I tend to struggle on presentation, but typically I can be a fairly fantastic cook. I marked good because the presentation side drags my grade down. The other day I made a delightful broth which I used to cook some bone marrow to have over rice. Just horrible for you, really awful amounts of oil in that, but it is just fantastic over bread and rice with a dish of the broth on the side. Did not have good luck making bullion gelatin (sp?) cubes out of that stuff, but I think it was because a little oil escaped and interfered with the gelatin solidifying.
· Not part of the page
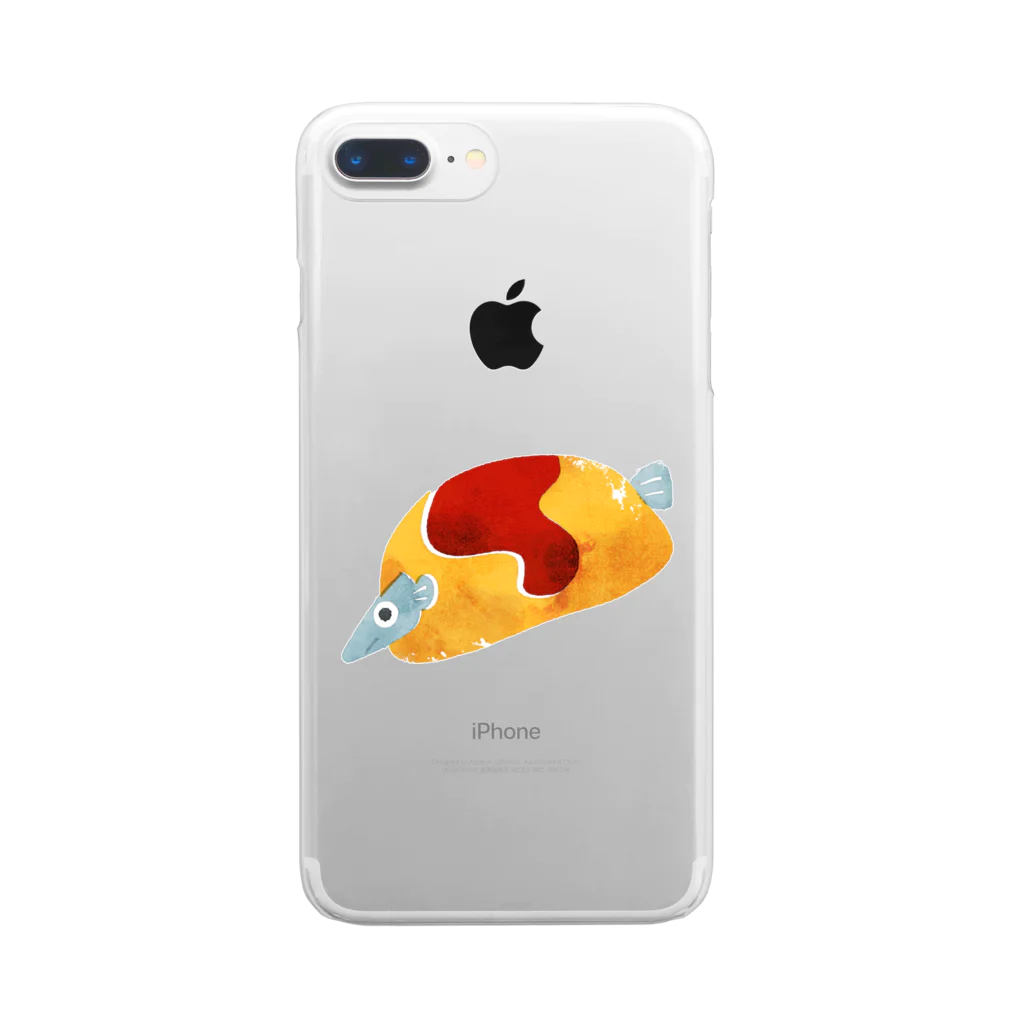 よしはらヨシの魚まるごとオムレツ Clear Smartphone Case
I've managed to impress reasonably well with some crossbreed foods, where I take americanized mexican and alter them to have a more traditional mexican ingredient base, but keep the cooking methods introduced in the americanization. The reverse is also quite nice. A simple tamale burrito based on the taco bell style recipe can be made excellent by using a slower water based cook style for the meat to draw out grease, and substituting real hot sauce for the ketchup they use.
I do struggle with pastry though. Cannot produce a pastry to save my life most of the time, and when I do it usually goes stale before anyone has it.
revjor said:
Like, really good, but you have to be one of the first cooks I've met that actually cook for themselves on downtime. My buddies that used to work as chefs absolutely never cooked after work - its only now that they don't work in a restaurant that they spend ridiculous amounts of time trying to perfect recipes or reproduce the effects of fancy cookware that they no longer have access to.
I've been getting tips from my buddy to improve my efforts, but I think the fact that I will happily spend two hours making a single meal for myself drives him nuts.